EXTRACTED DATA below:
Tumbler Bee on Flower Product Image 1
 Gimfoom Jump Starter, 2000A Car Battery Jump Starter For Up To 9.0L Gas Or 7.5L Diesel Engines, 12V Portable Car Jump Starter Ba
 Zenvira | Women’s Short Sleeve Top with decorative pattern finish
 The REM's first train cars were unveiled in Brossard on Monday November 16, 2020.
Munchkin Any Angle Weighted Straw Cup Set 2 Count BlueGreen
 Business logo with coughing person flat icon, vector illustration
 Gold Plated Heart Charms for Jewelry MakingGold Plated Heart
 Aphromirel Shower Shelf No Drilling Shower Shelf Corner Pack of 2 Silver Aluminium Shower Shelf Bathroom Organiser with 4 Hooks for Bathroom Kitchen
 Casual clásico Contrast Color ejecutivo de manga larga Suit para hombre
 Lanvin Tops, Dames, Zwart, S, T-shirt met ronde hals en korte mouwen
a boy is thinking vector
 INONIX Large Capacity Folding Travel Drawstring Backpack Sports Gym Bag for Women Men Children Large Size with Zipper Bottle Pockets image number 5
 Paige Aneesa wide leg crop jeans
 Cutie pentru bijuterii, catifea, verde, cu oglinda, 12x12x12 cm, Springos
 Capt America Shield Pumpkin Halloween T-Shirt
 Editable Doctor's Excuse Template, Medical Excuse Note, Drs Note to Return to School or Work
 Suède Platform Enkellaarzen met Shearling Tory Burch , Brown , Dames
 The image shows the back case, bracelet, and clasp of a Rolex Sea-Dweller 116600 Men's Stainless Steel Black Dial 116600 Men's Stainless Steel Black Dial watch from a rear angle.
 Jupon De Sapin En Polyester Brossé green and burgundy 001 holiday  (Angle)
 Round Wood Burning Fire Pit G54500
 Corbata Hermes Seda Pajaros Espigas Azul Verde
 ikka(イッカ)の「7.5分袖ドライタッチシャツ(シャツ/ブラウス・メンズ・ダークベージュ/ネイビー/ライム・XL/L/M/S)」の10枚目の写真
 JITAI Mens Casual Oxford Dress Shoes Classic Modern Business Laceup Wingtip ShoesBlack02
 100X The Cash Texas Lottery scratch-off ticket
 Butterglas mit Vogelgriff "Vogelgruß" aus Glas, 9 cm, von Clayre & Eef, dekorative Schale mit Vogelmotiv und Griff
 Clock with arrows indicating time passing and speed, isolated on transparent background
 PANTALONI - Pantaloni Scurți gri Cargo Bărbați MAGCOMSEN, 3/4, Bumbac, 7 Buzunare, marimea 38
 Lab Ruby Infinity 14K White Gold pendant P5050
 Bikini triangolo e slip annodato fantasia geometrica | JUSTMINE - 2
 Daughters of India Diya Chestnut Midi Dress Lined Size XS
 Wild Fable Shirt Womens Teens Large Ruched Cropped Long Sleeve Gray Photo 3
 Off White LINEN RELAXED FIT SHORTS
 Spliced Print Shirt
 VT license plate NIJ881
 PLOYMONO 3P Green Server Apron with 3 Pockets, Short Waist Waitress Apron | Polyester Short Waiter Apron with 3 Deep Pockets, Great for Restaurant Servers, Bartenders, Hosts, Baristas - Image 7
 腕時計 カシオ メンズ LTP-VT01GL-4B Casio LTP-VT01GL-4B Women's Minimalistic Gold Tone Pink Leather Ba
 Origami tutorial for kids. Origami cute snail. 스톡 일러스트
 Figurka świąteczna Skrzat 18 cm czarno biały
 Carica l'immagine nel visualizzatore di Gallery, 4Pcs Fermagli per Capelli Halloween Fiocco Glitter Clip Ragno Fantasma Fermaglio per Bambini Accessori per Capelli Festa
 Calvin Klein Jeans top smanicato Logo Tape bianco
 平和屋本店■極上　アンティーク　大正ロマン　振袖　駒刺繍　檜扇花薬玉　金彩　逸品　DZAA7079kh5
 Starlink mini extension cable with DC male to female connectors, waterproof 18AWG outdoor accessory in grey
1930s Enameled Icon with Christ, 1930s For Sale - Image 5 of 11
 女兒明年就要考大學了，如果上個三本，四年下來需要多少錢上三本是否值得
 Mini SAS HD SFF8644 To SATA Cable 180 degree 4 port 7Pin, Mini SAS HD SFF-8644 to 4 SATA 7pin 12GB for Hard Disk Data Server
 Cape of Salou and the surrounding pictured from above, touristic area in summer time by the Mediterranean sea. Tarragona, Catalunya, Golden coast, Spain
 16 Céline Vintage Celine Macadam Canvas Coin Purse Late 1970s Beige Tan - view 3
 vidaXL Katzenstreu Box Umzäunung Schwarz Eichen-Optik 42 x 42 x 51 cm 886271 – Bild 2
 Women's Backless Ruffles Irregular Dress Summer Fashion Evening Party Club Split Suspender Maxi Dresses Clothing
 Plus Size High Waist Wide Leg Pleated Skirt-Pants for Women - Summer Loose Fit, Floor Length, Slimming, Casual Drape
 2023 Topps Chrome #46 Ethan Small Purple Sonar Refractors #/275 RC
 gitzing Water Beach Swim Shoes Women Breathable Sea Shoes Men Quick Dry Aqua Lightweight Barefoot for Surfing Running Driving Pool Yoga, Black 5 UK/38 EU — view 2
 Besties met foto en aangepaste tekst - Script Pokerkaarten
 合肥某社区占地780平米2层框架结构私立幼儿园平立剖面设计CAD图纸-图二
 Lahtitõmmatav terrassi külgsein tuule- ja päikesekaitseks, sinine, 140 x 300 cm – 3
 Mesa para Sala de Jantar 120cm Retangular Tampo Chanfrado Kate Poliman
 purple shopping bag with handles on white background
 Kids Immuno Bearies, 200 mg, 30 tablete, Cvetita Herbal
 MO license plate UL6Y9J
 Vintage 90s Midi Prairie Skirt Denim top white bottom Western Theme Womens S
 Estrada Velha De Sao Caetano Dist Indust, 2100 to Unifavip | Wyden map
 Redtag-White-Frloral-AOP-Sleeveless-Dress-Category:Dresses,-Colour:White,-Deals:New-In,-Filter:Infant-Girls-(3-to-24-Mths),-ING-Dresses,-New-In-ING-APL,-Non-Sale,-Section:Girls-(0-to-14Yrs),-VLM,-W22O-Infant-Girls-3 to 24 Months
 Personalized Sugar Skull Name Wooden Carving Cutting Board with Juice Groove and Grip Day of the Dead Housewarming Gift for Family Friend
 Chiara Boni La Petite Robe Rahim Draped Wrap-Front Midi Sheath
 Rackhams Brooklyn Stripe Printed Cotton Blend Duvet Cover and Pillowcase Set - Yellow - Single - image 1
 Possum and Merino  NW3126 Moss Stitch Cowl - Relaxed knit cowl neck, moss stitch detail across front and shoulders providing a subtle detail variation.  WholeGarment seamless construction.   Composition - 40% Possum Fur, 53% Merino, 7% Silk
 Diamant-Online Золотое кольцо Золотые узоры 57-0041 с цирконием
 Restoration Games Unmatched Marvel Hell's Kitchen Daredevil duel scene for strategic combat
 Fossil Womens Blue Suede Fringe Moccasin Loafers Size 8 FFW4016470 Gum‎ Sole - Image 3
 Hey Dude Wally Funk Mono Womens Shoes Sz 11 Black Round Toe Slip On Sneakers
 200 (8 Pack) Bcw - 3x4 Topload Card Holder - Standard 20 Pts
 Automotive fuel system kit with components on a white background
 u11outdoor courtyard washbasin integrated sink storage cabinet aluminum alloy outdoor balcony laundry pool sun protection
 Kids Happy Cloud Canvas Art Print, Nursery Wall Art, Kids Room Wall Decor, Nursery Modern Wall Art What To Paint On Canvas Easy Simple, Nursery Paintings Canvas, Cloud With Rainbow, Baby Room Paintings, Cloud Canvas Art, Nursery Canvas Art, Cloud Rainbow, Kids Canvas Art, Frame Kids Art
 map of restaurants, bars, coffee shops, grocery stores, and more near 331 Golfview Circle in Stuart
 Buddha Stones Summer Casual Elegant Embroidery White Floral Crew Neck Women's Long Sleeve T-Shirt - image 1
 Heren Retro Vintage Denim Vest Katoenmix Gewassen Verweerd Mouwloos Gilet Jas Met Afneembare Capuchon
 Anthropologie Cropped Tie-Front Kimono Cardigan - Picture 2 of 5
End of EXTRACTED DATA.
ASSIGNMENT: Only the number of lines in the data that hold "Cropped" should be stated.

RESPONSE: 2